J.J. Watt is no longer a Houston Texan because there were no plans in Houston for him to remain with the franchise for the 2021 season. The Texans "did right" by Watt by mutually agreeing to part ways now, in mid-February, when it was understood he was never playing for Houston at $17.5 million next season.
But by releasing Watt outright and not entertaining trade offers for the once-dominant pass rusher, the Texans did not do what was in the best interest of the Texans. Which is exactly what they're trying to claim they're doing by foolishly hanging on to Deshaun Watson when he's made it clear he won't play for the franchise again.
Look, it's simple: the Texans probably could have found a trade partner that would have given them a second- or third-round pick for Watt and his contract. It may have even been a trade partner that Watt would have agreed to. And no, that pick is not likely to turn into a player that will rescue the franchise from the doldrums of the NFL.
Letting Watt walk helps Houston with a much-needed PR win, but it doesn't help the Texans on the field.
Bill O'Brien is gone and yet Houston is still missing the part where both sides can actually win in a transaction. DeAndre Hopkins to Arizona for a second-round pick? Laremy Tunsil as the highest-paid offensive lineman? Now Watt leaves and the Texans get nothing, and if they wait past the start of the new league year, they'll arguably get less for Watson in a trade than they would today.

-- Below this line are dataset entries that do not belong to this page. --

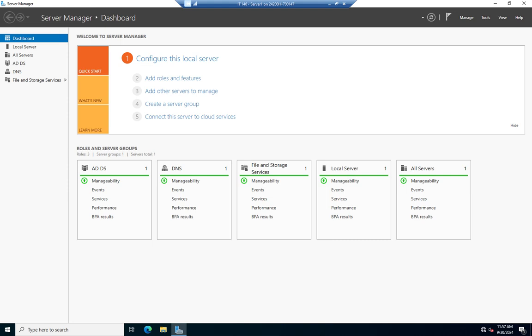Active Directory has something similar. It has a Recycle Bin, but Microsoft doesn't turn it on by default. We have to manually enable it. So here's how you do that.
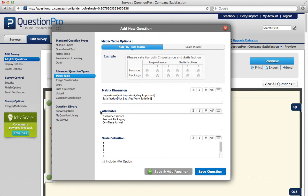Then you'll want to add the attributes. The attributes are what the respondents are actually rating. So if you'd like your respondents to rate your customer service, the product packaging, and the on-time arrival, then that's what you would list there as your attributes. Again, you list them only one per line.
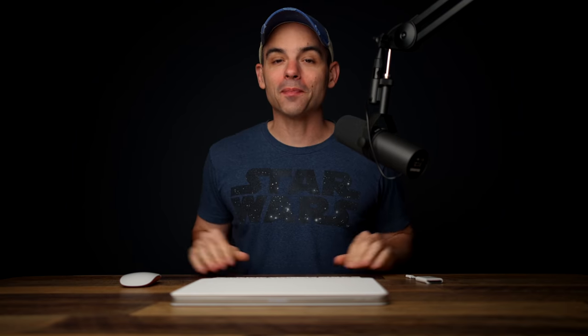Can you use the brand new 12.9 inch M1 iPad Pro as your only video editing computer? Let's find out.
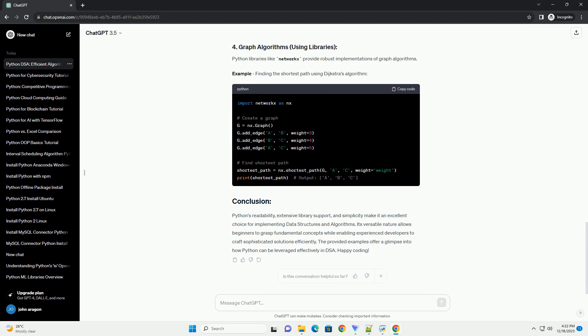Python's readability, extensive library support, and simplicity make it an excellent choice for implementing data structures and algorithms. Its versatile nature allows beginners to grasp fundamental concepts while enabling experienced developers to craft sophisticated solutions efficiently. The provided examples offer a glimpse into how Python can be leveraged effectively in DSA.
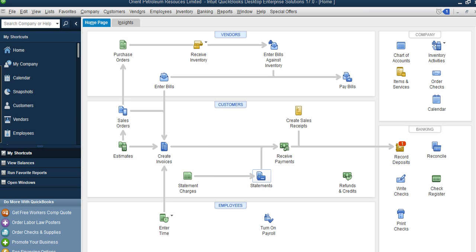The next area is how to record expenses. Just like we sell on credit and also for cash, we can incur expenses on credit or pay cash immediately. For example, a technician comes to fix the AC but the MD is not around, so he has to come back tomorrow to collect his money — we've incurred an expense but haven't paid. These two situations are treated differently in QuickBooks, just like invoices and receipts.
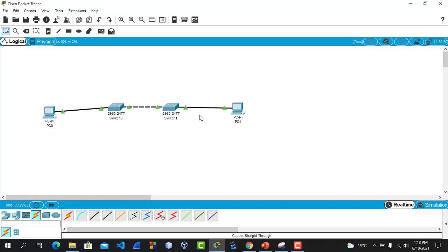So today's class was about configuring a trunk port. See you tomorrow to see how we can configure VLANs in switches and assign them to computers or other devices. Bye, see you tomorrow.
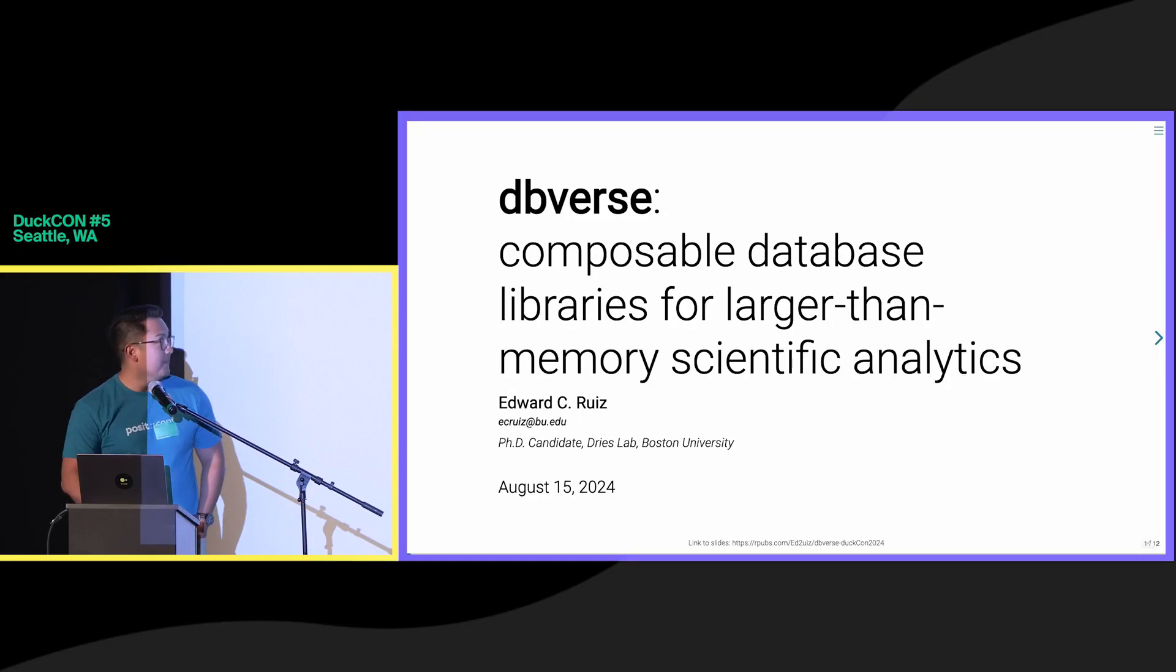Hello. My name is Ed Ruiz. I'm a PhD student. I'm happy to talk about a project called DBverse.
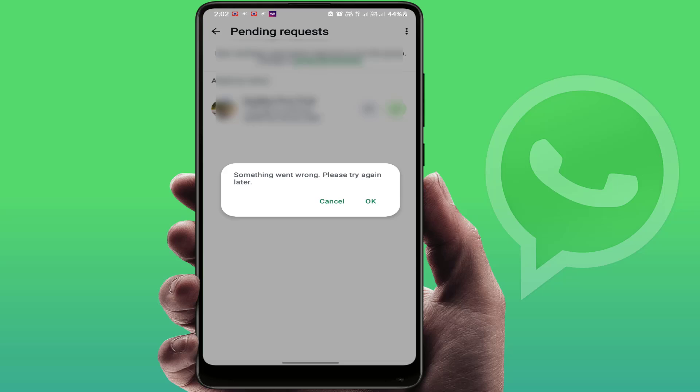When you are doing any activity on your WhatsApp, you can suddenly, for any reason, get this type of problem error on your phone. The main reason behind this error is if the internet connection is not good — at that time you can definitely face this kind of problem.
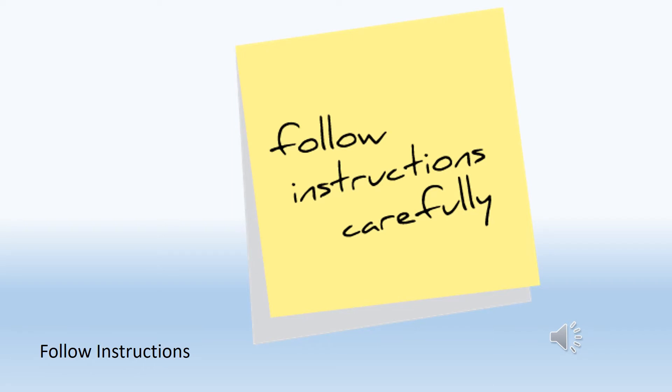Follow your employer's instructions carefully and ask questions if you don't understand what you're supposed to be doing.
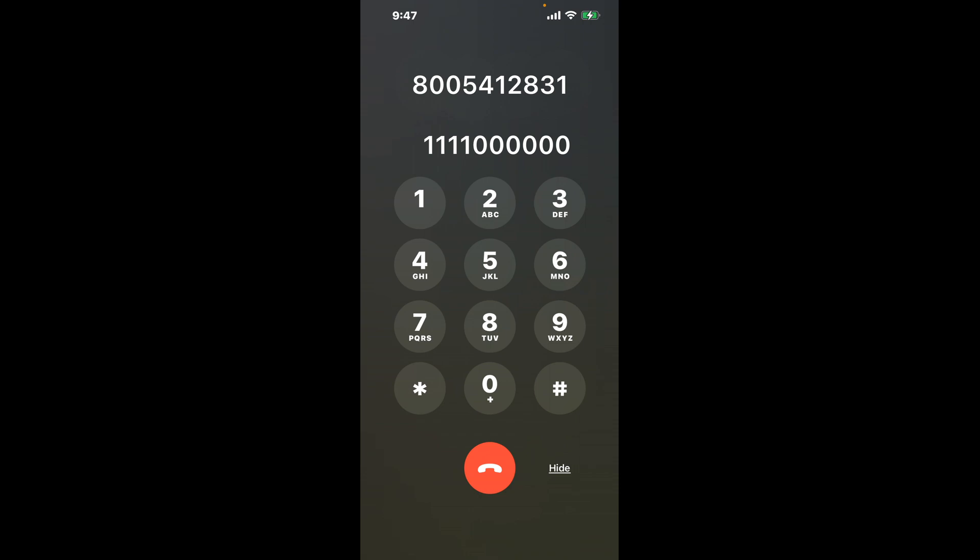First, dial the New York Medicaid phone number. 8-0-0-5-4-1-2-8-3-1.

Meanwhile, if GM Nick Caserio would pick up the phone, he'd realize what's in the best interest of the Texans is to trade Watson. He's not playing for Houston again, and there's no kumbaya with new head coach David Culley and [insert today's title here] Jack Easterby that's going to change that.
"And, you know, we have zero interest in trading the player," Caserio said last month, referring to Watson. "We have a great plan, a great vision for him and for this team and his role on our team. We look forward to the opportunity to spend more time with him here this spring."
Team owner Cal McNair echoed those same sentiments today to media, though he remembered to call Watson by his name. The Texans have been digging their heels in on this, and they'll continue to do so.
I wrote last month how it'd be in the best interest of all parties to come together to work on a Watson trade since Watson won't be playing there anymore. Houston has a high-value, non-performing asset, and NFL teams are tripping over themselves to figure out what they have to surrender to get him.
The Panthers, for example, were so aggressive in pursuing Matt Stafford a couple of weeks ago because they did not believe Houston would part with Watson within a reasonable amount of time. Not wanting to be stuck at the dance without a date, Carolina offered an attractive trade package to Detroit for Stafford that just couldn't compare with the Rams.
The dust has settled around the league post-Stafford trade despite what the Eagles wanted everyone to believe last week. It seems teams understand Watson is the big domino, and there's no reason to act out of desperation at the quarterback position with more than four weeks until the start of free agency.
If we see teams make major deals at QB in the next few weeks, it will continue to be a signal that the Texans aren't playing ball with trade offers.
And if that's the case — that there's a historic haul waiting to be exchanged for their elite quarterback who won't play there and the Texans don't or won't do it — then they aren't doing what's in the best interest of the franchise. Again.